Published: 7/12/2020 6:32:00 PM
HOLYOKE — Many people across western Massachusetts lack access to nutritious, affordable food. And that problem could soon get worse.
An estimated 54,310 people experienced food insecurity in Hampden County in 2018, representing a food insecurity rate of 11.6%, according to the group Feeding America. And amid the ongoing COVID-19 pandemic, some worry food insecurity could deepen. Massachusetts continues to see mass unemployment — 26,755 workers filed unemployment claims for the week ending July 4 — with generous federal unemployment benefits set to expire at the end of the month.
It is amid that context that a coalition of grassroots organizations has created a free food distribution site in Holyoke on Wednesdays from 3 to 5 p.m. at El Mercado, 413 Main St.
“It’s always a need,” said Katie Talbot, the Holyoke organizer with Neighbor to Neighbor, which has partnered with the Pioneer Valley Workers Center, Nueva Esperanza, the South Holyoke Neighborhood Association and Dream Club to organize the weekly distribution. “Once we really start to see what the economic fallout of COVID is, what’s going to probably get cut (are) the social services to fill in those gaps.”
Anybody who showed up at the distribution on Wednesday would have seen corn, squash and cucumbers, snacks and non-perishables, as well as staples like rice, beans and eggs, according to reporting from Holyoke Media. The organizers were even handing out recipes with the kale they were distributing.
The food was donated by Red Fire Farm in Montague as well as the store Deals & Steals.
The distribution is part of a mutual aid network organized by the Workers Center, which has scaled up those efforts in the wake of the pandemic and is now distributing food in four area cities on a weekly basis.
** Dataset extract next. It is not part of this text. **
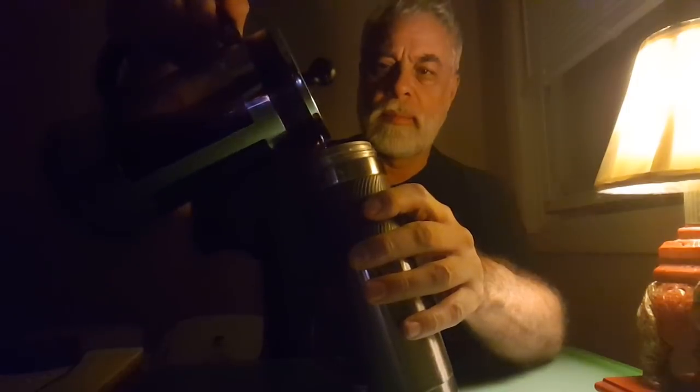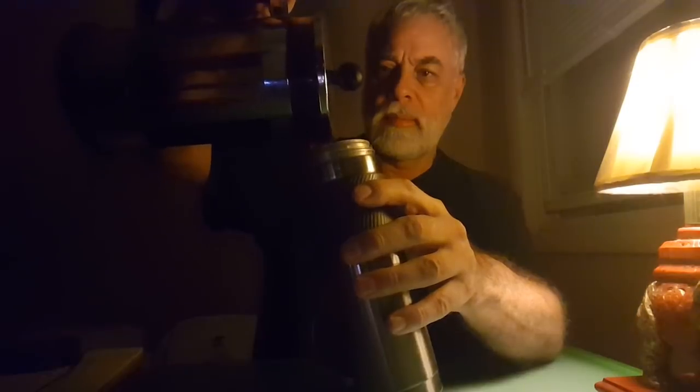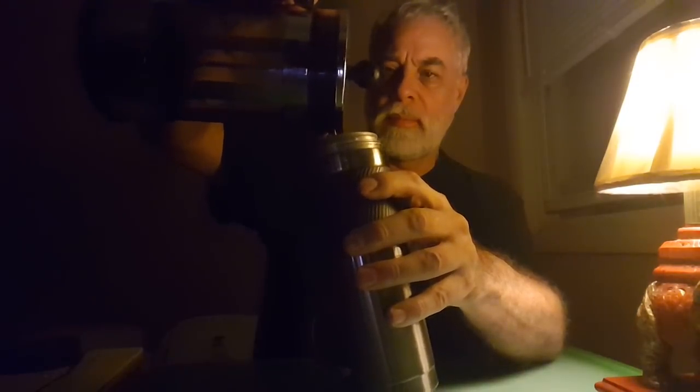I'm going to go ahead and make a little bit of sausage. I've got some of the fish that you can eat, so I'm going to go ahead and open it. The fish is like, man.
Workers Center organizer Andrea Schmid said her organization views the food distribution as solidarity, not charity. The events bring people together, and they are encouraged to participate in the process and connect with one another.
“We want people to get involved and think about what issues communities are facing,” Schmid said. “We’re seeing the state fail us in so many ways, and we know we’re the ones who can take care of each other, we’re the ones living here and building relationships with each other.”
Schmid said that the network started as a monthly food distribution event in Springfield, where lots of the Workers Center members — many of whom are farmworkers — live. Because of the donations and support those efforts have received, the organization has been able to expand the mutual aid to other communities.
Talbot noted that large swaths of Holyoke are food deserts, where adequate and healthy food is not readily available at a price many people can afford. She said that many government agencies and nonprofits have stepped up amid the pandemic, but that more would likely be needed.
“Food insecurity is going to be an even bigger deal in Holyoke,” she predicted.